El problema principal está relacionado con las plataformas de facturación. Esos sistemas calculan el tráfico en tiempo real, aplican tarifas y cargan importes a las cuentas, y lo hacen para un enorme número de usuarios con condiciones distintas. No es posible reconfigurar esa infraestructura rápidamente.
Anteriormente, el jefe del ministerio de Transformación Digital, Maksut Shadaev, propuso introducir un cargo por exceder el límite de tráfico internacional. Según los medios, se habló de aproximadamente 150 rublos por cada gigabyte adicional. Al mismo tiempo, el tráfico a través de una VPN para los operadores aparece como tráfico extranjero, por lo que la medida afecta directamente a los usuarios de esos servicios.
En el contexto de las restricciones a servicios de mensajería extranjeros, las autoridades ya habían declarado planes para disminuir la popularidad de las VPN. No obstante, no se plantea imponer responsabilidades a los usuarios: el énfasis está en mecanismos económicos. Los propios operadores entienden las exigencias de maneras distintas. Algunos están listos para aplicar las nuevas normas en plazo; otros necesitan tiempo hasta el otoño. Parte de las empresas pide varios meses para revisar las tarifas y hacer que los cambios sean menos dolorosos para los suscriptores.
También existen incertidumbres técnicas. Los operadores deben avisar al usuario con antelación cuando el límite se aproxime, pero todavía no está del todo claro cómo contar exactamente el tráfico internacional. Algunos servicios rusos funcionan a través de direcciones IP extranjeras, lo que genera confusión. Otra complicación la crean las redes de entrega de contenido: parte del tráfico extranjero en realidad pasa por servidores dentro del país.

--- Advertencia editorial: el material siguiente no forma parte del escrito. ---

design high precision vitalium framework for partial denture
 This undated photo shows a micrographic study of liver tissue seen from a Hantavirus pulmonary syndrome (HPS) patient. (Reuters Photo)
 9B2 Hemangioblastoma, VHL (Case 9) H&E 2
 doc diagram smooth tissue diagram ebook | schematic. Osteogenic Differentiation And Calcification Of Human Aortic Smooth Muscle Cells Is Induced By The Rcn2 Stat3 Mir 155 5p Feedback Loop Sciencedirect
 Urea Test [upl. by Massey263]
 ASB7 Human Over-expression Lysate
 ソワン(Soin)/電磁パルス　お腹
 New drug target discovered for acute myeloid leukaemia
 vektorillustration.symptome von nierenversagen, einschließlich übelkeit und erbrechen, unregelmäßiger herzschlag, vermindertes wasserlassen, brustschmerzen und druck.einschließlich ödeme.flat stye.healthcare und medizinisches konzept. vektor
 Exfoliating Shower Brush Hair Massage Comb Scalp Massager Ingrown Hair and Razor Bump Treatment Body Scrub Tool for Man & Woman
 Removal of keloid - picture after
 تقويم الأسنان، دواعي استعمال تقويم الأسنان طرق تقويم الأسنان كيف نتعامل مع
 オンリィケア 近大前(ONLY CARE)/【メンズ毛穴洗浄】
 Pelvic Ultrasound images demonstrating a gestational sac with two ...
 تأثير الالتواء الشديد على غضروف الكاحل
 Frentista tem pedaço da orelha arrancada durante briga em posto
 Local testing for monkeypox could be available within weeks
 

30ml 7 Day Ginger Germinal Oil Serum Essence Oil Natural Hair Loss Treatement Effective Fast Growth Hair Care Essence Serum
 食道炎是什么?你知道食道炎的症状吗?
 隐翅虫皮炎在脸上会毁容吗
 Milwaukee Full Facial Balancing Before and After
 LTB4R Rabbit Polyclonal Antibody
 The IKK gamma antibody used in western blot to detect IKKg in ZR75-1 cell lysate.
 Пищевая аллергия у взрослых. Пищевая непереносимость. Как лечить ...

Sigue abierto también el asunto de qué hacer si el usuario excede el límite y no paga. Las opciones posibles son diversas: limitación de la velocidad, cargo automático o desconexión total de Internet.
Según la estimación de los participantes del mercado, para implantar cambios de este tipo se necesitan meses, y a veces medio año. Al mismo tiempo, el usuario medio consume 25–30 GB de tráfico al mes, pero la mayor parte corresponde a servicios rusos. Para sobrepasar los 15 GB de tráfico internacional, es necesario utilizar activamente una VPN, por ejemplo para ver vídeos o trabajar con servicios extranjeros.
Si el usuario no configuró el enrutamiento dividido, todo el tráfico de Internet pasa por la VPN y se considera automáticamente extranjero. En ese caso, el nuevo límite puede agotarse mucho más rápido.